• Aim of the task
For this exercise, output the entries below exactly from the line that holds "Almohada abstracta de" to the line that holds "Mikikit Piscina Hinchable", both ends included. No pictures belong in the copy.

• Provided material
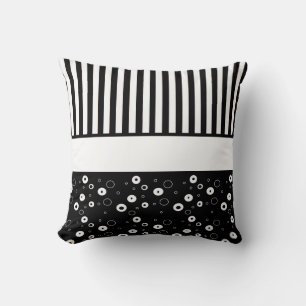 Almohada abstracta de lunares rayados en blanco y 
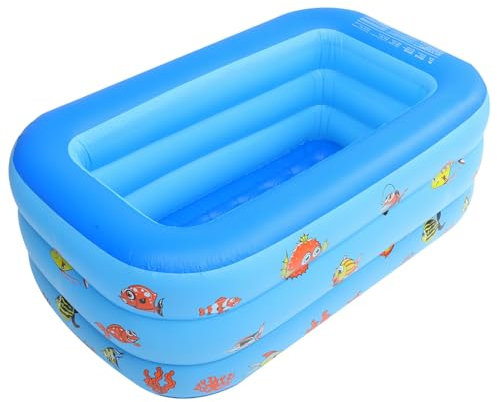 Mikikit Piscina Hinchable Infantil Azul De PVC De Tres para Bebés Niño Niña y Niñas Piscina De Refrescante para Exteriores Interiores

---

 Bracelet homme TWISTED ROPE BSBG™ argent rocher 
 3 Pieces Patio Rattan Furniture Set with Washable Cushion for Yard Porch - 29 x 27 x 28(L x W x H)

• Solution to this task
 Almohada abstracta de lunares rayados en blanco y 
 Mikikit Piscina Hinchable Infantil Azul De PVC De Tres para Bebés Niño Niña y Niñas Piscina De Refrescante para Exteriores Interiores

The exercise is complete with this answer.